Well. If it was good enough for the PI, it was good enough for Nina. Connor wasn’t a killer. That was just a Hank smear, designed to control her, and interfere with her happiness. And she was happy. Happy in a relationship for the first time in her life. Happy with things just how they were. So, why change anything? Why—specifically—get married?
After Edward died, Nina thought she’d never marry again. Not because she was so grief-stricken. Oh, she put on a show of grieving, but the fact was, Edward had treated her like shit for most of their marriage. She stayed—and stayed faithful—for the money. Her prenup said that if Edward left her, she got a hefty settlement. But if she left him, she got nothing.
She worried constantly that Connor would cheat on her, like Edward had. That worry was based more on her past experience than on anything Connor had actually done or said. And it was possible she was being unfair to him. Maybe Connor wasn’t like Edward. There was no way to know for sure. This was early days. Connor was on his best behavior. And besides, they’d been together nonstop since meeting at her July Fourth party, so he’d had no opportunity.

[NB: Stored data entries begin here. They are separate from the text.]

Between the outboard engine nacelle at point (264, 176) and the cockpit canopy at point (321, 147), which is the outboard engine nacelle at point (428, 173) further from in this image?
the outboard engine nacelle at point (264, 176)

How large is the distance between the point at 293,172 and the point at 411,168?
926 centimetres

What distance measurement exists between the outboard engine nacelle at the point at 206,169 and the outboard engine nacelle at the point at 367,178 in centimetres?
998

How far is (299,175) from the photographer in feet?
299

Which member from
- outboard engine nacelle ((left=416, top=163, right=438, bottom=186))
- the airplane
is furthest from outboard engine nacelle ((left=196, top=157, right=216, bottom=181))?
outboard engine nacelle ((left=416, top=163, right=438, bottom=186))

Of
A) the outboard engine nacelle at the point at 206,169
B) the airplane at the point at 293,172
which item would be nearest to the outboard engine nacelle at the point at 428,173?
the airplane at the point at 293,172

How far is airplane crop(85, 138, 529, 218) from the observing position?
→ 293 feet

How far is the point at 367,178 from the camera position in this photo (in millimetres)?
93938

But summer was coming to an end. In the fall, they’d return to New York. He’d go back to work at Levitt Global, where Lauren was still head of PR. Lauren, whose divorce from Hank was now final, and who had a vendetta against Nina. Lauren believed that Nina had stolen two men from her. That wasn’t true, but truth didn’t matter. Lauren believed it, and what better revenge could there be than luring Connor back?